This appendix describes additional information on migrating your messaging platform to Sun Java System Communications Services.
When performing a messaging migration, no migration tool has access to the low-level interfaces of the stored mail messages. This becomes problematic when dealing with a message that has multiple recipients and thus might be stored multiple times in the mail storage.
If the messaging system supports it, you would want to store just a single copy of the message, and then through pointers, enable the multiple recipients to reference that single copy, thus reducing overall storage need. That is, you don't need to store a duplicate copy of the message for each recipient. Both Microsoft Exchange and Sun Java System Messaging Server support this single-copy storage scheme.
Statistics show that a typical multiplication factor for a message store in a corporate environment is between five and ten. Obviously, you do not want to increase your message store during a migration from 500 GB to 5 TB of disk space because of this issue.
Note that this issue is faced by all migrations, and does not uniquely apply to Sun. What Sun states is that this is a “non-problem” when migrating to the Sun Java System Communications Services platform. Though one cannot compare directly the message store models of Microsoft Exchange and Sun Java System Communications Services, you only need an equivalently sized storage for the migration.
Figure 1 illustrates the idea of the single-copy message store.
The figure shows that only a single copy of any message is saved in the store as a single file. All other instances of that message (for example, when a message is sent to multiple mailboxes) are stored as links to that copy.
The problem that a migration is faced with in making sure that storage expansion does not occur as it copies these messages to the target platform is illustrated in Figure 2.

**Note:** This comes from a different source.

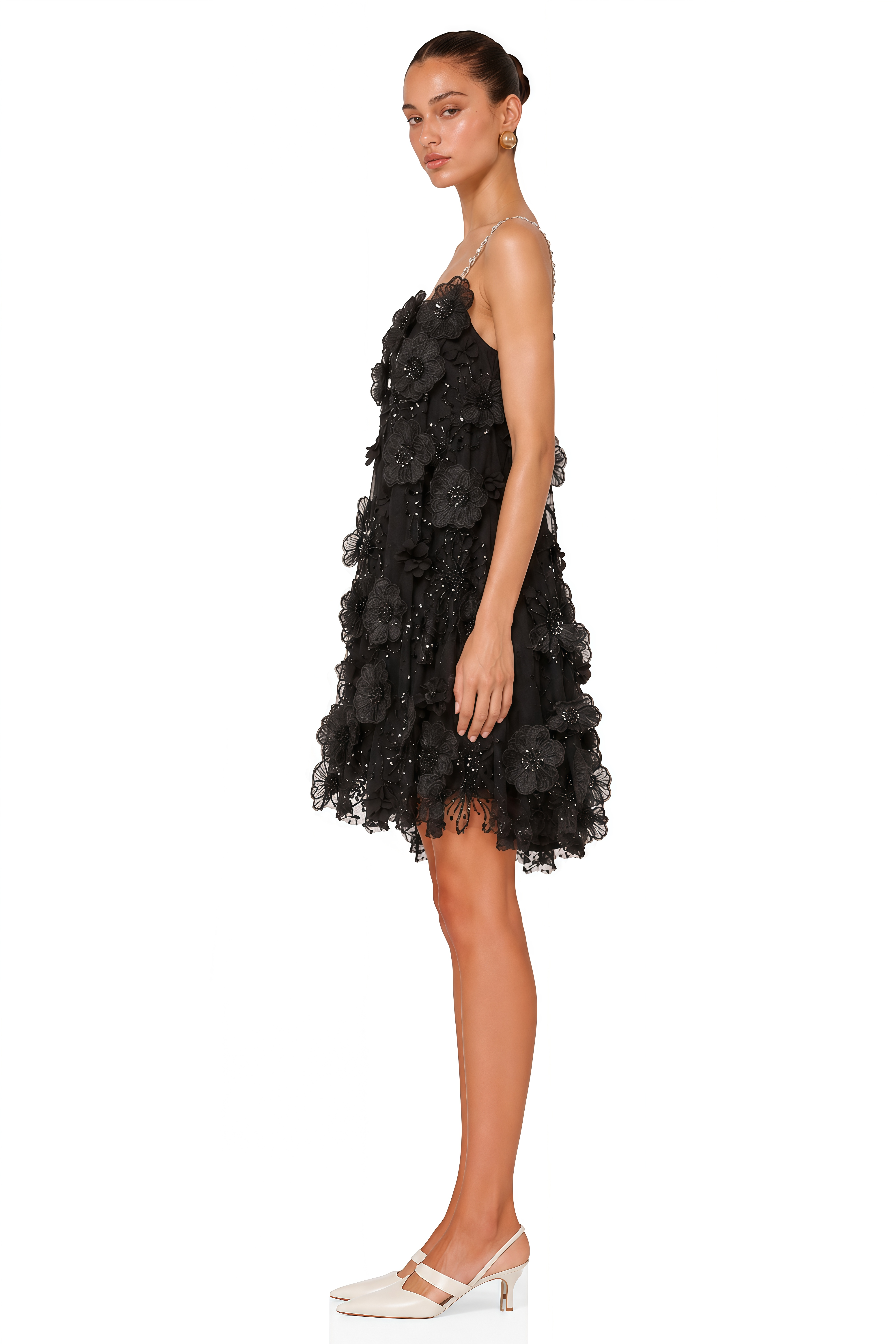 Suzette Crystal-Embellished Floral Mini Dress in Black – Miss Rosier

To prevent storage expansion from happening, Messaging Server contains a relinker feature to remove excess message copies, and instead, use hard links to a single copy of the message. Figure 3 illustrates how the relinker works.
You can enable this feature in real-time or run it as a separate command-line utility. The relinker enables you to identify those messages that are identical and to relink them in the store. In this way, you do not need to increase your storage requirements for your messaging service.